Major Supplier Lowers CI scores
To date, the plant has completed several renewable energy additions that have lowered its CI score and made the company a major supplier of fuel to the state. To help power the plant’s operations, a roughly 2 MW solar array was constructed with an additional 1.9 MW battery storage set-up.

Other producers are on the same track with renewables. In 2018, Alto Ingredients became the first ethanol producer in the country to utilize solar to power one of its plants, installing roughly 5 MW of onsite power. Other biofuel companies have also turned to solar, including Gevo and POET, which installed a 400-kilowatt solar array at its company headquarters last year.

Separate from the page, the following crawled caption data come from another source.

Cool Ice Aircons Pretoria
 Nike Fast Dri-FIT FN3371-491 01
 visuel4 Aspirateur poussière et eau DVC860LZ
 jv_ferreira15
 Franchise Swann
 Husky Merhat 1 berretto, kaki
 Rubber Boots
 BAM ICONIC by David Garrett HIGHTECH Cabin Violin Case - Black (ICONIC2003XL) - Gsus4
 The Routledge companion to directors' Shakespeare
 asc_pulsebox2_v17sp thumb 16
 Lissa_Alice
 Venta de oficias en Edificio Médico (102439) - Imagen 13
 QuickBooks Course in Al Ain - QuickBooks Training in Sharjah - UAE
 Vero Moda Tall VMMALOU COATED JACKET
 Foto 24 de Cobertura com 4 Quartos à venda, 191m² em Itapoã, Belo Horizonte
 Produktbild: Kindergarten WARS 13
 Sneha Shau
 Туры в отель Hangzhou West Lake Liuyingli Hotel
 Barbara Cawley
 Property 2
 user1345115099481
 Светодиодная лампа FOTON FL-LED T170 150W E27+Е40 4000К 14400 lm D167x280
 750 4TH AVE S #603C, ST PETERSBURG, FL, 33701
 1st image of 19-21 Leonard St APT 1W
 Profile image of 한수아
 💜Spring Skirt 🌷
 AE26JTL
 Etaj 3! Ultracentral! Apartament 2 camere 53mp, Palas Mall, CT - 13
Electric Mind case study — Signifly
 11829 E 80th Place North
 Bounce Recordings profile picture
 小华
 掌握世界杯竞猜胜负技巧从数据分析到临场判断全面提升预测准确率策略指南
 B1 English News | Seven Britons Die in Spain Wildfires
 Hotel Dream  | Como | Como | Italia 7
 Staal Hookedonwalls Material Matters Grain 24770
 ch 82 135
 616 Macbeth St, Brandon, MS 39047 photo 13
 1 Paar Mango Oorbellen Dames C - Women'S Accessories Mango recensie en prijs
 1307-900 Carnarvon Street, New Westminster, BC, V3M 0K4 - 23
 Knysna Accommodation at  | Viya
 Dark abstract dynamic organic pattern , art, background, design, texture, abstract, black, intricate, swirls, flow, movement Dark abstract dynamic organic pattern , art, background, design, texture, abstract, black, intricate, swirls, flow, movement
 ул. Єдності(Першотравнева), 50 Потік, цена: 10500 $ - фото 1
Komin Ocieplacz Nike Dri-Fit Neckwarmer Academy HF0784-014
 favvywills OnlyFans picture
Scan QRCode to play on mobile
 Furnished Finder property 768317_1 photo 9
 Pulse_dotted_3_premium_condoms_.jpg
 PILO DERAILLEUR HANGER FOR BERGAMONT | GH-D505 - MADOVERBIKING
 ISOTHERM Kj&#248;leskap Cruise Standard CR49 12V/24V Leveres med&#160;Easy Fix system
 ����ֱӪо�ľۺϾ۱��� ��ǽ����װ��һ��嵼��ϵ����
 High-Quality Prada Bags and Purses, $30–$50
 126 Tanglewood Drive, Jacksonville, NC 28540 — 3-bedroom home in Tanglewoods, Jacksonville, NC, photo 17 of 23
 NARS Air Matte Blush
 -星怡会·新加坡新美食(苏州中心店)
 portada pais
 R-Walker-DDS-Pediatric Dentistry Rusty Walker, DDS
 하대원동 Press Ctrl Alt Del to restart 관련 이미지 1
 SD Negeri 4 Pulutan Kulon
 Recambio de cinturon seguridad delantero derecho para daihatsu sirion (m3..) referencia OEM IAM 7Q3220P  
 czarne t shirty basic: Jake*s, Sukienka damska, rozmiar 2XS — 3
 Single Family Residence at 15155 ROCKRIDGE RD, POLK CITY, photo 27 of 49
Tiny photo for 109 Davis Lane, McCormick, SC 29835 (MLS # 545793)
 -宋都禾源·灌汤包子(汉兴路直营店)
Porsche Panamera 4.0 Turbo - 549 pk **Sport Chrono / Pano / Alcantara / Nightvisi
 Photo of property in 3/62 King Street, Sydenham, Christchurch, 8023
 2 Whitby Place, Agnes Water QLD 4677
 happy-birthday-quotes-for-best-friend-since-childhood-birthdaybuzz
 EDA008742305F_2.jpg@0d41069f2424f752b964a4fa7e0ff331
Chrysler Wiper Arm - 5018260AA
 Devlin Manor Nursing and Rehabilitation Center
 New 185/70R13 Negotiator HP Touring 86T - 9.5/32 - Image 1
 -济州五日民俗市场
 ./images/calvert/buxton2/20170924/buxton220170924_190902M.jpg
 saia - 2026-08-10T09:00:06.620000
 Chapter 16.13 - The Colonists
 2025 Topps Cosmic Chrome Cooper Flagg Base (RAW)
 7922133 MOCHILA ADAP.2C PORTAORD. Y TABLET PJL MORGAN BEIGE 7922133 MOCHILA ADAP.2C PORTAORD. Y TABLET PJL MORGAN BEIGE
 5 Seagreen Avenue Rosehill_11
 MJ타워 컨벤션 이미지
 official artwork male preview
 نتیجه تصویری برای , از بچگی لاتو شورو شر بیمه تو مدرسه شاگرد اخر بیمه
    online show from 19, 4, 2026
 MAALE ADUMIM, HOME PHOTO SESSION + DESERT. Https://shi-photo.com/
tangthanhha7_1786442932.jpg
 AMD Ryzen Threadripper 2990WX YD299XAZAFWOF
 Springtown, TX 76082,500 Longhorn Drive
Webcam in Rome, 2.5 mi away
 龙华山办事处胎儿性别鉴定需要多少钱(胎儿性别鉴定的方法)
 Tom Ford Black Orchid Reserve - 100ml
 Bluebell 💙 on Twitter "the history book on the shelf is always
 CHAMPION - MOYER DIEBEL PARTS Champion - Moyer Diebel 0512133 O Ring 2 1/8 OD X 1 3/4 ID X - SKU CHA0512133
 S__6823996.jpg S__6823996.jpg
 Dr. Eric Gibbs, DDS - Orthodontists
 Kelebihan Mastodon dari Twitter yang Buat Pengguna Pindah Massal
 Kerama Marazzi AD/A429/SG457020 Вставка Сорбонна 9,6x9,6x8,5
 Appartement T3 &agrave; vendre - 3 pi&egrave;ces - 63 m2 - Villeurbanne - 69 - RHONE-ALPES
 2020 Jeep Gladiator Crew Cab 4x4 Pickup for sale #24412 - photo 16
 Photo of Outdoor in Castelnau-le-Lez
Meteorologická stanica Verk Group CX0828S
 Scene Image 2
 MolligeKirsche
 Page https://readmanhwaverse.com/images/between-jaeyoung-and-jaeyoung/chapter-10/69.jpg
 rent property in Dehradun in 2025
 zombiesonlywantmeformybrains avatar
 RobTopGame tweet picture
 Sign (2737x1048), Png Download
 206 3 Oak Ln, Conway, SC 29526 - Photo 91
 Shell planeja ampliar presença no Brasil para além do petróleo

At Aemetis’ Keyes, California plant, natural gas power has been substituted for a combination of solar and hydroelectric power. In addition to solar, battery storage and hydroelectric, Aemetis utilizes a Mitsubishi Chemical Zebrex ethanol water separation system which uses electricity instead of molecular sieves. McAfee says the facility is also utilizing mechanical vapor recompression that uses electrical fans to recompress steam. A series of heat exchangers helps to more efficiently provide heat and help with energy use. The theme, he says, is to change out as many systems as possible to impact the CI score.

Steam Reuse
The thing that stands out, however, is steam reuse. Mechanical vapor recompression provides the plant's main energy savings (followed by the Zebrex system). In 2018, Aemetis worked with Mitsubishi and ICM Inc. to build the largest system of its type. Already used in more than 70 alcohol production plants worldwide, the system can reduce energy consumption during biofuel production by nearly 25 percent. The continuous membrane dehydration technology separates water from ethanol for purification into fuel-quality biofuel.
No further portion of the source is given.